How long did your U.S. green card take? - makecheck
The U.S. green card process seems to take an astonishingly long time (assuming you aren't taking advantage of corrupt government employees).  A feeling of lock-in with your current job adds to the frustration, because quitting can jeopardize or reset a permanent residency application that has been going on for months.<p>U.S. immigrants, how long did <i>your</i> card take?  Did it seem to benefit from theoretically-irrelevant factors like which company you worked for?  And, does it seem like the high tech industry is any faster for acquiring a green card (compared to, say, these people who seem to get cards after crossing the border under questionable circumstances)?
======
raghus
I could probably write several pages on this, so I'll try and keep it
succinct: much depends on what category you file under. Employment-based Green
Cards are filed typically under EB1/2 or 3. Make sure you don't let your
employer and the lawyer make all your choices. Do some research.

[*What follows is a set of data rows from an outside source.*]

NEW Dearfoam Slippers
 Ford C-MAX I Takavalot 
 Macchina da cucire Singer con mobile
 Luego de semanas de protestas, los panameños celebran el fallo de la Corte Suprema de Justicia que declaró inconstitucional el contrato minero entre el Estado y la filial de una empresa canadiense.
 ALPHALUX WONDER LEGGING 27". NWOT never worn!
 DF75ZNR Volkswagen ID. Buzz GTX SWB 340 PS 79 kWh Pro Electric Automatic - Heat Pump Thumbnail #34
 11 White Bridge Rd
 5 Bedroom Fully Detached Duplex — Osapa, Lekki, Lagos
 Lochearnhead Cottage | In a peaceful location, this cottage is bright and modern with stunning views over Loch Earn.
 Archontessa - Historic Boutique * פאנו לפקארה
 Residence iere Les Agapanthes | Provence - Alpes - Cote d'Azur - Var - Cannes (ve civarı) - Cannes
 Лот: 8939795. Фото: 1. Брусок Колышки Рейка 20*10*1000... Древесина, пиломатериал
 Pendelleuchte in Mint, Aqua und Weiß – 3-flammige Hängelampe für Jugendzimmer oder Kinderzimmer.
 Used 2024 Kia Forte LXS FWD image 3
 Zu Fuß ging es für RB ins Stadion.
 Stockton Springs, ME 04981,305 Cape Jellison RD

An EB1 filing is the fastest - but you typically need a PhD or equivalent to
qualify. Most other filings are in EB2/EB3 which approximate a MS/BS
educational equivalent. EB1s could go as 'fast' as 1-2 years wheras EB2/EB3
could take 3-5 years.

These are typical numbers - counting from the day you file. I know folks that
got it in just over a year in EB2 and folks that are still waiting 6 years
after filing. All the best!

------
white
Good lawyers help.

What also matters is what group are you fitting into. Having a diploma which
is evaluated to Master Degree of American university speeds up a process
significantly. Process with Bachelor Degree is pretty slow. There is also an
extra quota for those who have American education. And the process is much
faster for those ones.

My EBGC process took about 20 months for the whole family. It could be faster,
but I had to reschedule fingerprint exams for 2 or 3 months, being out of the
country. My lawyers were pretty expensive, but they are much worth it. :) I
have MS of CS from foreign university. It was evaluated to the Master Degree.
I also have a bunch of certificates, but I don't think they play any
difference.

Originally coming on H1B for two years and H2 for the rest of the family, I
didn't have to prolong it and I also didn't use advance parole and work
authorization (although, my lawyers made them for me).

I'm working for a pretty small company (less then 20 employees). My original
position was not anything special, a regular IT fit, so I don't think it
matters.

I have spent a lot of time learning the whole process and one of the most
important concerns is the lawyers. They can help or they can kill.

Feel free to drop me a message to w at qwe3 dot com if you have any more
questions.

P.S. I have a friend in SF waiting for his EBGC for almost 6 years now.
Nothing, yet.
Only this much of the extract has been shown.